At this point, I buy one game a month. That I bought LA Noire this month indicates that I wanted to like it. A few hours in, I was really into it. But now, a few cases from the end, I have no desire to even finish it. What went wrong?
Now that is a mystery I can solve.
LA Noire has a great story. It draws on hard boiled crime fiction both old and new (it owes a particular debt to Ellroy’s Black Dahlia) as well as the filmic corollary film noir. There’s a rich back story having to do with WWII, a string of murders, civic corruption involving the police, and a hard-working yet flawed and unlikeable protagonist. The characters are well-drawn, if not exceptionally detailed. The remarkable motion capture technology, which renders facial expressions with a liveliness not yet seen in games, is to be commended.

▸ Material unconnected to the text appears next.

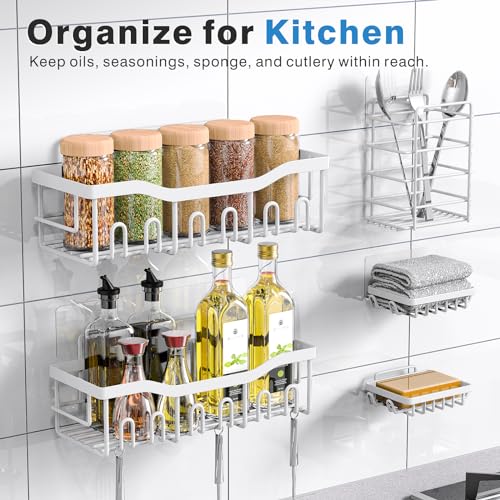 Image of Shower Caddy 5 Pack,Adhesive Shower Organizer for Bathroom Storage&Home Decor&Kitchen,No Drilling,Large Capacity,Rustproof Stainless Steel Bathroom Organizer,Shower Shelves for Inside Shower-Larger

On the surface this looks like Grand Theft Noir – free roaming, large city, lots of car travel. But in reality it’s not that sort of game. It’s got one central mechanic that really works: the crime scene investigation mode. It’s a cross between third person and point-and-click adventure game. It’s well-balanced, fun, and most importantly represents something this game is adding to the noir tradition. It’s a reason why this is a game and not a movie.
Unfortunately, the other central mechanic, the interrogation of suspects, is a disaster. I’m not sure exactly why this mode fails so badly. Maybe real human interaction cannot be simulated when one party has only three stock responses to everything. Perhaps the facial animation isn’t quite good enough to pin a mechanic upon. Maybe the acting or writing wasn’t consistent enough, maybe it was but needed a tutorial. Maybe the lack of challenge makes something uninteresting – it’s near impossible to fail this mode, perhaps a tacit admission that the mechanic doesn’t work.
But the game cannot survive a core mechanic not working. The interrogations become glorified cutscenes that take up half the game, the other gameplay modes can’t compensate and the whole thing starts feeling like repetitive drudgework.
I am definitely excited by what LA Noire represents. It’s an adult game in the “real characters, real storytelling” sense rather than the swear words and gore sense. I am excited by the technological advance of real facial animation. I hope for great future things. I just don’t want to play it any more.